Re: XHTML2: Proposal for total separation of semantics from structure

Hello again

By "structure" I mean, mostly, the separation of a whole into parts.
Which means, yes, that I´m talking about a whole document, which
consist on parts, wich might have subparts, etc, presumably with some
actual content at the last level.

As far as "structure" goes, this means simply an enumeration of the
parts, in such a way as to form e hierarchy. It does not say anything
about what each of those parts might actually mean.
It does not say if it is a paragraph, a piece of code, a lyric, the
abstract of a scientific paper, a movie, a picture, or whatever else.
It is simply a hierarchy. A tree.
"What each part means" is the semantics.

In short, we could have a document basically composed of just generic
containers (think <section>).
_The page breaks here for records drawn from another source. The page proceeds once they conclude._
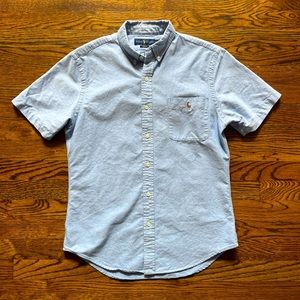 Men’s Ralph Lauren Polo Short Sleeve Button Down Casual Dress Shirt Blue Size M
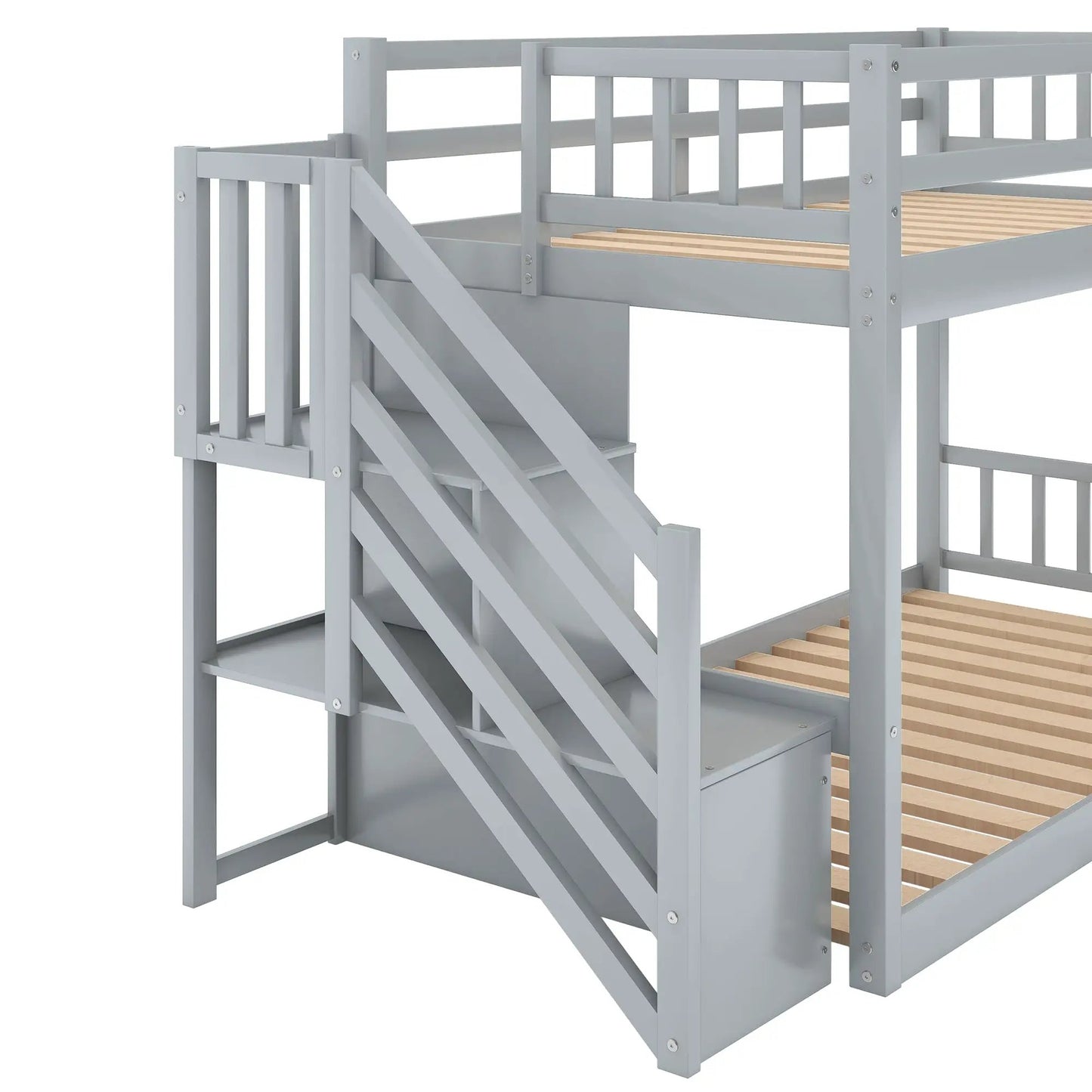 Twin Over Twin Floor Bunk Bed with Storage gray with staircase on Tampa Home & Garden Store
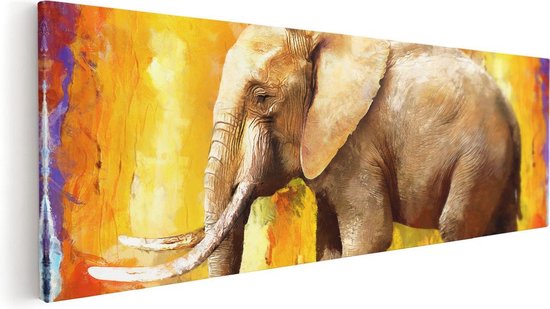 Artaza Canvas Schilderij Geschilderde Olifant Olieverf - Abstract - 60x20 - Foto Op Canvas - Canvas Print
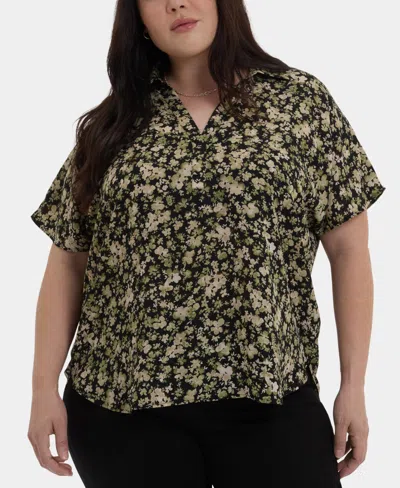 Nydj Plus Size Becky Short Sleeve Pullover Top In Black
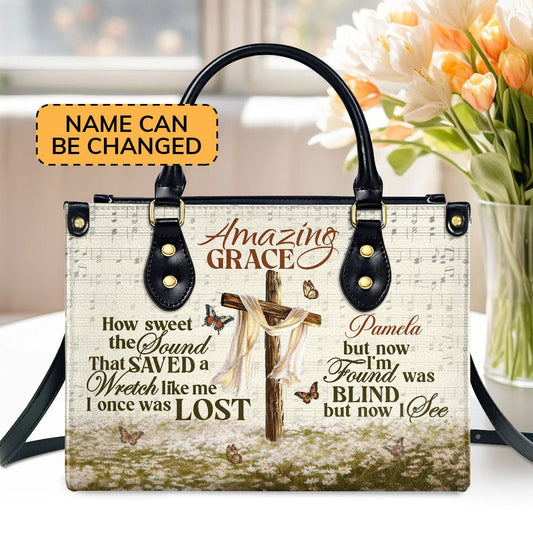Personalized Christian Leather Bag, Amazing Grace I'm Found Was Blind But Now I See Leather Handbag, Faith Handbag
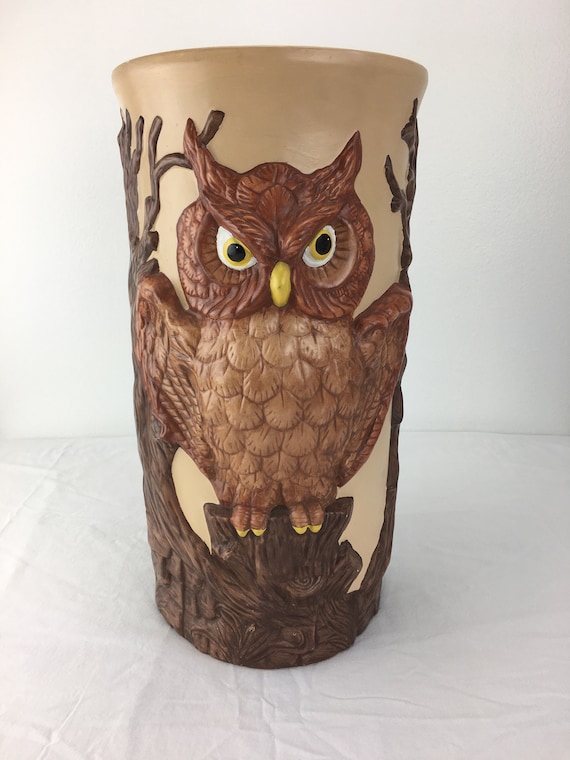 Ceramic Owl Umbrella Holder Cane Stand Large 17” Woodland Boho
Each of these containers would serve as
hooks for two basic attributes, one for semantics, one for
presentation (think style="" and role="" ).
Style, we all know. Role would be analogous, but with regards to semantics.

The definitions of what those particular pieces of actual content
really mean, could be done, by some means, in some separate sheet if
necessary.

Btw, conceivably the same could be done for behaviours (think
handler="" , and yes, yet another separation).

Default values for common, generic meanings con be already known by
user agents, extra ones could be defined by content generators via
some small ad hoc language or mechanism.



The reasons for separation would, IMO, run analogous to al least most
of the reasons behind the separation of content from presentation, a
la CSS.

For starters, no hardwired things into the language.

But perhaps the most important aspect, would be: are we paving the way
for the vision of the semantic web?
Are we even thinking about people like the ones who attempt to develop
things like topic maps?
What about semantically aware search engines?

The per-capita income of Kenya for 1988 is probably there, somewhere in the net.
Can you get it in just one search?

A search engine today would probably get a lot a of garbage results.
And each year more and more content keeps pouring in, probably making
the problem worse.

Even if you got more or less decent results....could you (or even a
search engine, programatically) extract just that microcontent? Or
would I need to load and read whole pages looking for the relevant two
lines in each?

If microcontent is not programatically extractable, furthermore, then
I'd have to do some screen scrapping to be able to reuse that content.

Shouldn't we be providing ways to hook extensible meaning at all
levels (including the elemental one), in order to facilitate such a
thing?

Are we providing extensible means to mark up microcontent semantically?

XHTML is XML.
XML permits custom made tags.
Those are currently ignored, rendering-wise.
What about semantically-wise?
Are any search engines considering such things?
How should I code my little bit of data, if so?
Wouldn't it be better to separate all that?

<code>?
How about <javascriptcode>?
How about <javascriptcodeinthecontextofxxxcms>?
How about <javascriptcodeinthecontextofxxxcmsformanipulatingtemplates>?
Are we sure we want to hardwire things?
To add semantic functionality to the web probably requires whole
lenguages, with concepts as "is-part-of", inheritance, and even more
complex relationships. And being such a vast thing, likely requires
extensbility inherently.
If you ask me, I'd separate. In advance.

As you see, is not just a half-academic little problem anymore.
We are talking about hard functionality. Massive, too. No little
academic exquisite talk whatsoever.

All *that* discussion should be probably be carried elsewhere.
But if something is required at this level, at least hooks, I believe
we should provide them. And the time is now.

Sorry for the lenght, please do see my former, thread-kickstarting
post, and consider the restraint.
I do believe the subject is important.

Fernando Franco

Received on Thursday, 25 August 2005 10:45:12 UTC